§ EXERCISE MATERIALS
+---+

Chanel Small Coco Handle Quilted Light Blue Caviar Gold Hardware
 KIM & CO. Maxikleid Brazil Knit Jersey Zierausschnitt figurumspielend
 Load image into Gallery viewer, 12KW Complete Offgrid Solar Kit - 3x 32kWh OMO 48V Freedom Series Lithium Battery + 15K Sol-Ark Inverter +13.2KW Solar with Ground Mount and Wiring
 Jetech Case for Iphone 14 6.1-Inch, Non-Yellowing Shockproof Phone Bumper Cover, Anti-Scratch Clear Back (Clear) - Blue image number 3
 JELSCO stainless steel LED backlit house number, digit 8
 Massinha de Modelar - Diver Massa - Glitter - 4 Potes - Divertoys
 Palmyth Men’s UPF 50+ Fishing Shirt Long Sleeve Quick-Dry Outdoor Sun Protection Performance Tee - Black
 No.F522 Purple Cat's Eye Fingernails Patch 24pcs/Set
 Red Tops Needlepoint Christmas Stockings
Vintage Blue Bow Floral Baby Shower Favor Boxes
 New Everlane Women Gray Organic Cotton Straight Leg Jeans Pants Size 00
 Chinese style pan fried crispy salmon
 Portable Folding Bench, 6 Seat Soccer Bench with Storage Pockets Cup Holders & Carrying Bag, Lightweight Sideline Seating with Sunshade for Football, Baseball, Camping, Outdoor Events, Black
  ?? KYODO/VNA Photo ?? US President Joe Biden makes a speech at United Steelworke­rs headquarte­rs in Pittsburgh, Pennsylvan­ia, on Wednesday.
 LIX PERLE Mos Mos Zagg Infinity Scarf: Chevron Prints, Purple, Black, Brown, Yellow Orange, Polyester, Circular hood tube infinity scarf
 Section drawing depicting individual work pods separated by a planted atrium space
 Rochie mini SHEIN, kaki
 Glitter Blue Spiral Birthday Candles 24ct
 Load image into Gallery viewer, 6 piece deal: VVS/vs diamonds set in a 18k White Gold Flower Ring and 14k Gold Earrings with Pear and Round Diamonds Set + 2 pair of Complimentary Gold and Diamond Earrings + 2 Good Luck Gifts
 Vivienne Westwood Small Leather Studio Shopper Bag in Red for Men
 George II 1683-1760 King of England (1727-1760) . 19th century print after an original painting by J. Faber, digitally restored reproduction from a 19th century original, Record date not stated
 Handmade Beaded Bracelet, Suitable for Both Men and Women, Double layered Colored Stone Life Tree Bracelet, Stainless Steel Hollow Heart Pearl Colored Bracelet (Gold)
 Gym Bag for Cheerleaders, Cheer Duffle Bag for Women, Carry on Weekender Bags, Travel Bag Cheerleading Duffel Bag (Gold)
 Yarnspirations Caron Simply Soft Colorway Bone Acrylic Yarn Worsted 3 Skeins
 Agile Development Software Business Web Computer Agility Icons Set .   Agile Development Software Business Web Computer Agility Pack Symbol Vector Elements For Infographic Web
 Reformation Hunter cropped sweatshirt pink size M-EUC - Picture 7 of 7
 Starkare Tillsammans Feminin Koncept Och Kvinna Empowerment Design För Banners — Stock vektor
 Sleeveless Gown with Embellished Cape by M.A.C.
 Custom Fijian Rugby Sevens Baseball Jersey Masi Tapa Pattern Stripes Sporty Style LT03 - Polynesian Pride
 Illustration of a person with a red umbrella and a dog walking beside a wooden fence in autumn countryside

+---+

Everything from the line containing "LIX PERLE Mos" to the last line of the data above must be set down exactly, both ends included, with no other lines.

§ YOUR SOLUTION
 LIX PERLE Mos Mos Zagg Infinity Scarf: Chevron Prints, Purple, Black, Brown, Yellow Orange, Polyester, Circular hood tube infinity scarf
 Section drawing depicting individual work pods separated by a planted atrium space
 Rochie mini SHEIN, kaki
 Glitter Blue Spiral Birthday Candles 24ct
 Load image into Gallery viewer, 6 piece deal: VVS/vs diamonds set in a 18k White Gold Flower Ring and 14k Gold Earrings with Pear and Round Diamonds Set + 2 pair of Complimentary Gold and Diamond Earrings + 2 Good Luck Gifts
 Vivienne Westwood Small Leather Studio Shopper Bag in Red for Men
 George II 1683-1760 King of England (1727-1760) . 19th century print after an original painting by J. Faber, digitally restored reproduction from a 19th century original, Record date not stated
 Handmade Beaded Bracelet, Suitable for Both Men and Women, Double layered Colored Stone Life Tree Bracelet, Stainless Steel Hollow Heart Pearl Colored Bracelet (Gold)
 Gym Bag for Cheerleaders, Cheer Duffle Bag for Women, Carry on Weekender Bags, Travel Bag Cheerleading Duffel Bag (Gold)
 Yarnspirations Caron Simply Soft Colorway Bone Acrylic Yarn Worsted 3 Skeins
 Agile Development Software Business Web Computer Agility Icons Set .   Agile Development Software Business Web Computer Agility Pack Symbol Vector Elements For Infographic Web
 Reformation Hunter cropped sweatshirt pink size M-EUC - Picture 7 of 7
 Starkare Tillsammans Feminin Koncept Och Kvinna Empowerment Design För Banners — Stock vektor
 Sleeveless Gown with Embellished Cape by M.A.C.
 Custom Fijian Rugby Sevens Baseball Jersey Masi Tapa Pattern Stripes Sporty Style LT03 - Polynesian Pride
 Illustration of a person with a red umbrella and a dog walking beside a wooden fence in autumn countryside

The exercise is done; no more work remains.